O uso de IA está se tornando mais predominante no local de trabalho: 63% das organizações europeias permitem o uso de IA generativa, 8% a mais do que em 2024, e 83% acreditam que seus funcionários usam essa tecnologia, independentemente de ser permitida ou não.
Como resultado, a regulamentação de seu uso parece necessária para as empresas. No entanto, nem mesmo um terço (31%) das organizações europeias tem uma política formal e abrangente de IA, embora esse número tenha aumentado em relação aos 17% de 2024, de acordo com um novo estudo da ISACA.
A IA já está tendo um impacto positivo nos negócios do dia a dia. Por exemplo, mais da metade (56%) dos entrevistados afirma que a IA já aumentou a produtividade organizacional, enquanto 71% apontam para melhorias na eficiência e na economia de tempo. Olhando para o futuro, 62% estão otimistas de que a IA terá um impacto positivo em seus negócios no próximo ano.
No entanto, essa mesma velocidade e escala tornam a tecnologia um ímã para os criminosos cibernéticos. Quase dois terços (63%) estão muito ou extremamente preocupados com a possibilidade de a IA generativa se voltar contra eles, enquanto 71% esperam que o problema das falsificações profundas se torne mais grave e generalizado no próximo ano. Apesar disso, apenas 18% das organizações europeias estão investindo em ferramentas de detecção de deepfake.

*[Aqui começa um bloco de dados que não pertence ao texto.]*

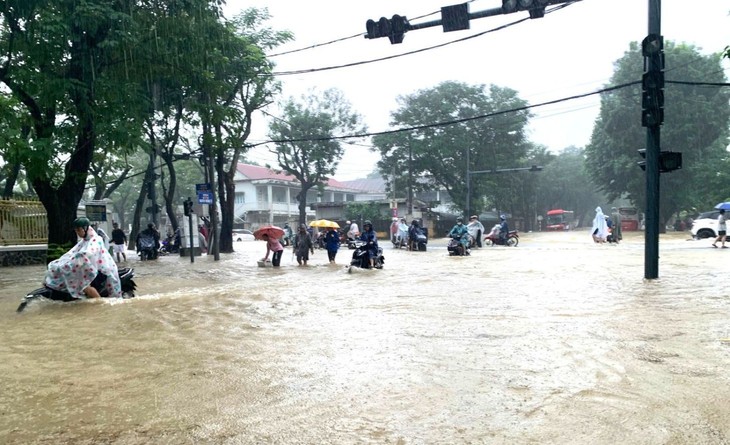Central provinces evacuate residents from flood, landslide areas overnight - ảnh 1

"As ameaças de IA, desde a desinformação até os deepfakes, estão avançando rapidamente, mas a maioria das organizações não investiu nas ferramentas e no treinamento necessários para combatê-las. Fechar essa lacuna entre risco e ação não se trata apenas de conformidade; é fundamental para proteger a inovação e manter a confiança na economia digital", disse o diretor de estratégia global da ISACA, Chris Dimitriadis, em um comunicado à imprensa.

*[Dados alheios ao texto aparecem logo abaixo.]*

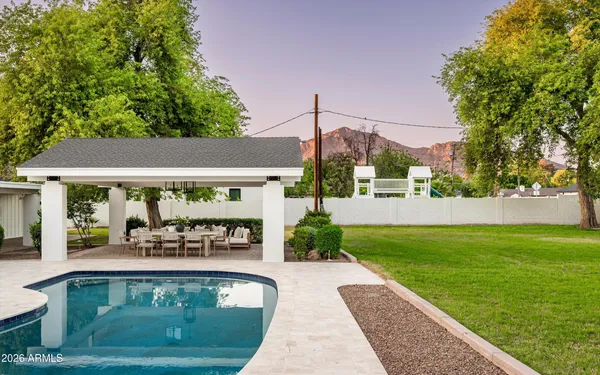 $3,350,000 | 3131 North 53rd Place, Phoenix, AZ 85018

Nesse sentido, a ISACA enfatiza que a IA é uma ferramenta muito promissora, mas sem políticas claras e a capacidade de mitigar riscos, ela se torna uma desvantagem em potencial ou até mesmo uma ameaça em potencial. Por esse motivo, eles enfatizam que são necessárias diretrizes sólidas e específicas para cada função, desde quando usar a IA até como detectar um "deepfake", com o objetivo de ajudar as empresas a aproveitar com segurança o potencial da IA.
Além disso, como as tecnologias emergentes, como a IA, continuam a evoluir, é necessário aprimorar as habilidades profissionais. Assim, o estudo observa que 42% acreditam que precisarão aumentar suas habilidades e conhecimentos em IA nos próximos seis meses para manter o emprego ou avançar na carreira, um aumento de 8% em relação ao ano passado. A maioria (89%) reconhece que esse "aprimoramento de habilidades" será necessário nos próximos dois anos.

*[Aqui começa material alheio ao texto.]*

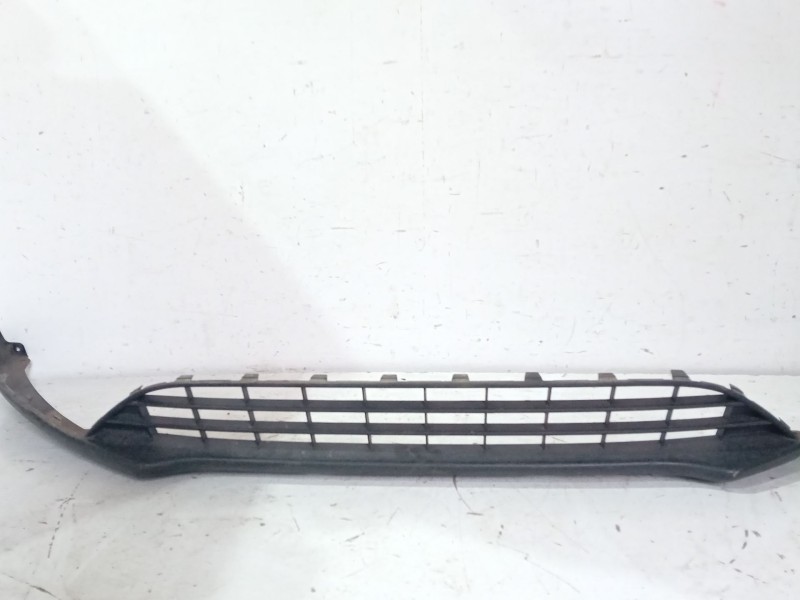 Recambio de rejilla paragolpes central para ford focus iv (hn) 1.0 ecoboost referencia OEM IAM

Dimitriadis acrescenta que, "sem orientação, padrões e treinamento sobre o escopo do uso da IA no trabalho, os funcionários podem continuar a usá-la em um contexto inadequado ou de forma insegura", e podem nem mesmo ser capazes de detectar ameaças como desinformação ou "deepfakes".
"É por isso que o treinamento em IA é crucial", diz ele. "Com funcionários mais qualificados, as empresas terão uma força de trabalho com melhor compreensão das práticas recomendadas. E esses funcionários sempre terão maior probabilidade de promover a integração de políticas, garantindo a conformidade regulatória e a aplicação adequada", conclui.